2

Oddly enough I haven't found anywhere that has answer this question specificly, all the other stack overflow things I've found aren't exactly right.

I have a body text I need to search through for image urls, this doesn't mean anything complex but basically things like:

http://www.google.com/logo.png

http://reddit.com/idfaiodf/test.jpg

NOT

http://reddit.com/sadfasdf/test.jpgMORECONTENTHERE

All the regex I've used will include the "MORECONTENTHERE" in the results. It's frustrating as hell. I just want the URL with nothing appended after or added on before!

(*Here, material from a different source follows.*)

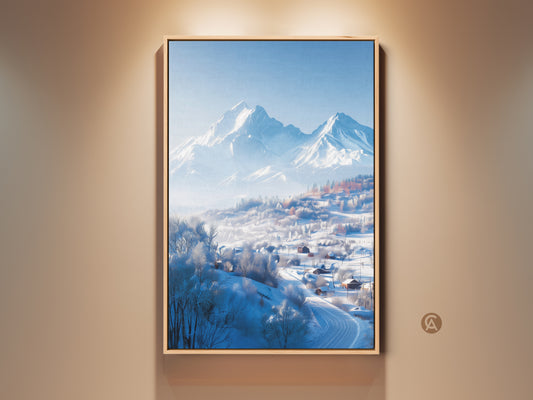 Framed winter landscape art print. This eye-level shot captures snow-covered homes nestled in a valley. Towering mountains rise in the background. The artwork is displayed in a natural wood floating frame.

Also I don't want anything that does HTML image link extracting - I'm not pulling these from HTML.

Any regex to do this?

EDIT:

So here is what I'm using as a source: http://pastebin.com/dE2s1nHz

It's HTML but I didn't want to mention that because I didn't want people to do

  • If you're not pulling these from HTML please post an example of where you are getting them from. Without that it's going to be very difficult to avoid either trapping your third example, or not trapping your first two. –  Aug 07 '13 at 03:14
  • Ok, adding an example now – Matthew 'mandatory' Bryant Aug 07 '13 at 03:50
  • possible duplicate of [PHP: Regular Expression to get a URL from a string](http://stackoverflow.com/questions/2720805/php-regular-expression-to-get-a-url-from-a-string) – Andy Lester Aug 07 '13 at 04:15

4 Answers4

8
https?://[^/\s]+/\S+\.(jpg|png|gif)
  1. https? is "http" or "https"
  2. :// is literal
  3. [^/\s]+ is anything but a "/" or space
  4. / is literal
  5. \S+ is anything but a space
  6. \. is "."
  7. (jpg|png|gif) is image extensions, delimited by |

Result:

enter image description here

The above is taken from RegexBuddy, used in Wine on Mac. "PCRE" is equivalent to preg_* functions. Expression should work in most regular expression flavors.

Luke
  • 13,678
  • 7
  • 45
  • 79
  • 1
    You haven't escaped the literal /'s – pjcard Apr 24 '15 at 14:04
  • You do not need to escape `/` unless you use it as a delimiter in PHP's `preg_*` functions. See http://php.net/manual/en/regexp.reference.delimiters.php. The delimiters are not part of the expression, so they are omitted. It is quite common to see `/` as a delimiter, but if you use `/` in the pattern it is often best to avoid using it as a delimiter vs escaping it. – Luke Jun 07 '16 at 22:13
5

This matches a string ending with a known image extension.

<?php

    $string = "Oddly enough I haven't found anywhere that has answer this question specificly, all the other stack overflow things I've found aren't exactly right.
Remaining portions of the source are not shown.